Exercise objective
Every line of the listing below from the one with "Hi friends, welcome" up to and including the one with "This is a six-pack, 25" should be retyped exactly, and nothing else; pictures are not part of the copy.

*** Material supplied

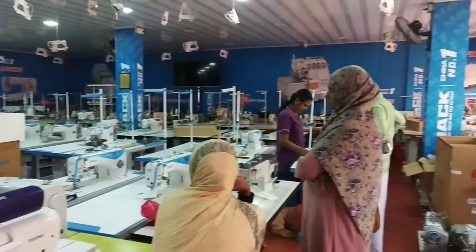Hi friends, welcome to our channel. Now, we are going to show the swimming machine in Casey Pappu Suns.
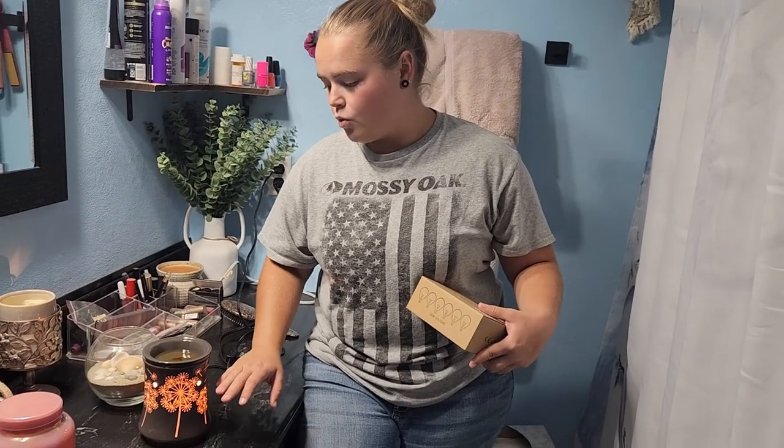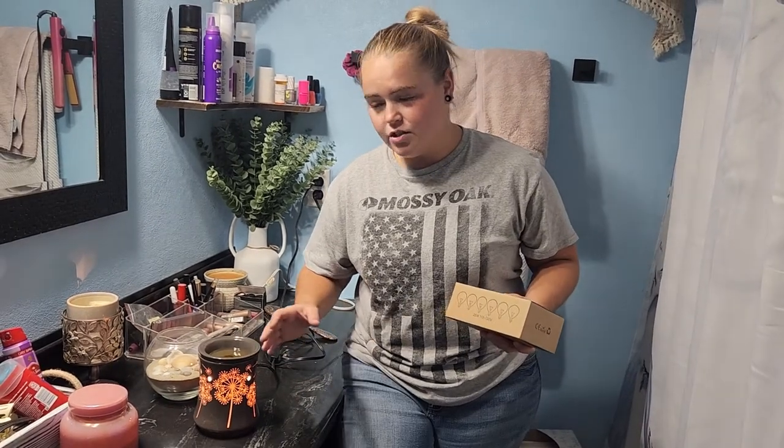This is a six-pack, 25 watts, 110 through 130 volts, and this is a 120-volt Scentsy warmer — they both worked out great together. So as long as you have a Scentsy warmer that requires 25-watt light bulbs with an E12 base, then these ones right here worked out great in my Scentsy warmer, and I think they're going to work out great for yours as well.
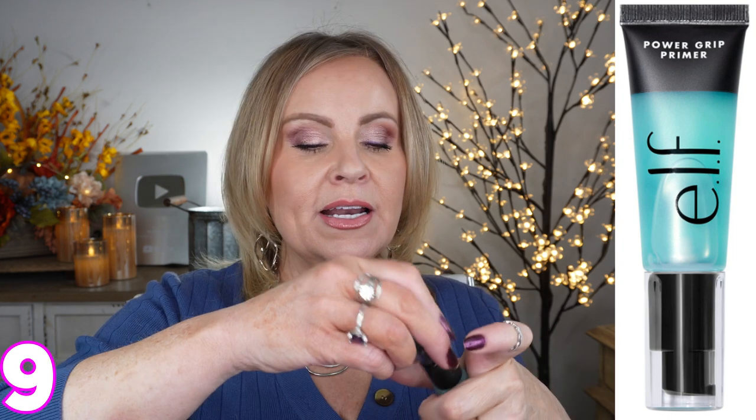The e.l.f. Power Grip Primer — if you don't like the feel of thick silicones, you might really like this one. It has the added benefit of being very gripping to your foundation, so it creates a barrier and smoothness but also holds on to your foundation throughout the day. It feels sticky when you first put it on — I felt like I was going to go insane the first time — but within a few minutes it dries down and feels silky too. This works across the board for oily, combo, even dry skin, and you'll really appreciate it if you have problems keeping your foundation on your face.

******
*** Material supplied

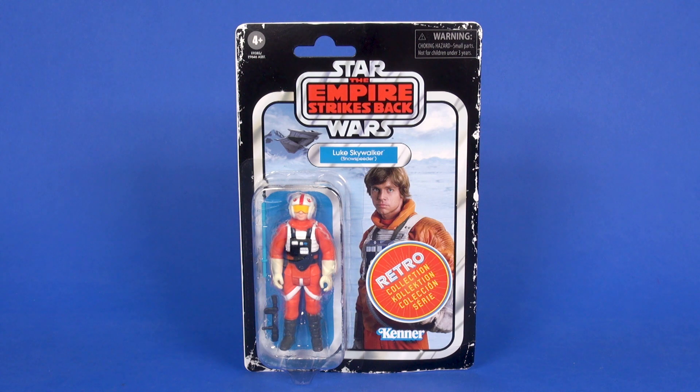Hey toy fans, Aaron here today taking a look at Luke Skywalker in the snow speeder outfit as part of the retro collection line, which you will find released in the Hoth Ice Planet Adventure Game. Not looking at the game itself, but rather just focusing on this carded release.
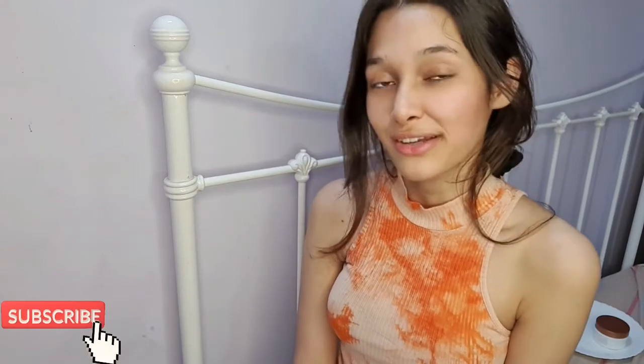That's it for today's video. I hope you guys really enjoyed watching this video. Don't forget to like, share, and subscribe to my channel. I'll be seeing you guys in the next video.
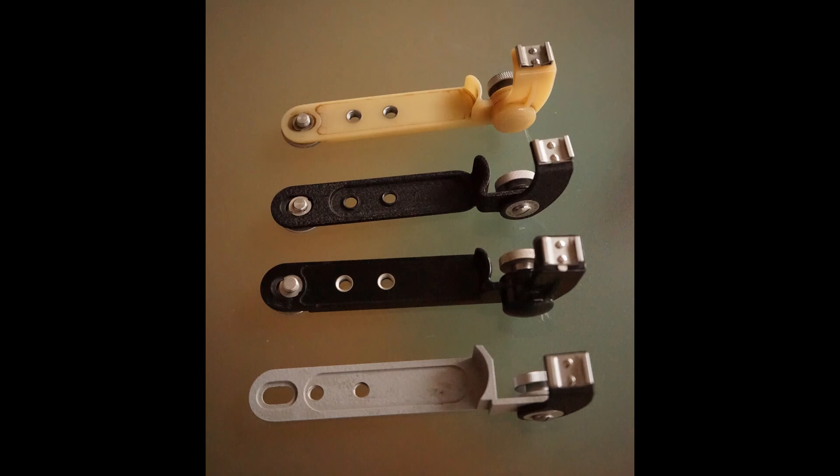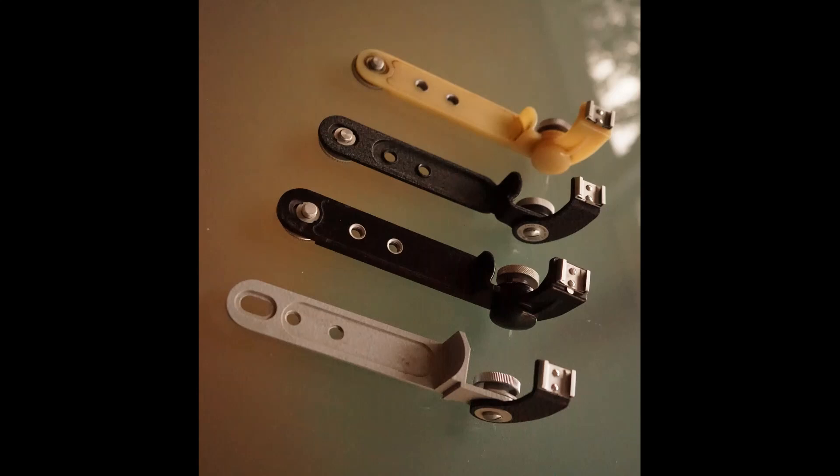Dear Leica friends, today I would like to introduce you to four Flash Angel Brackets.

******

Answer to this problem
Hi friends, welcome to our channel. Now, we are going to show the swimming machine in Casey Pappu Suns.
This is a six-pack, 25 watts, 110 through 130 volts, and this is a 120-volt Scentsy warmer — they both worked out great together. So as long as you have a Scentsy warmer that requires 25-watt light bulbs with an E12 base, then these ones right here worked out great in my Scentsy warmer, and I think they're going to work out great for yours as well.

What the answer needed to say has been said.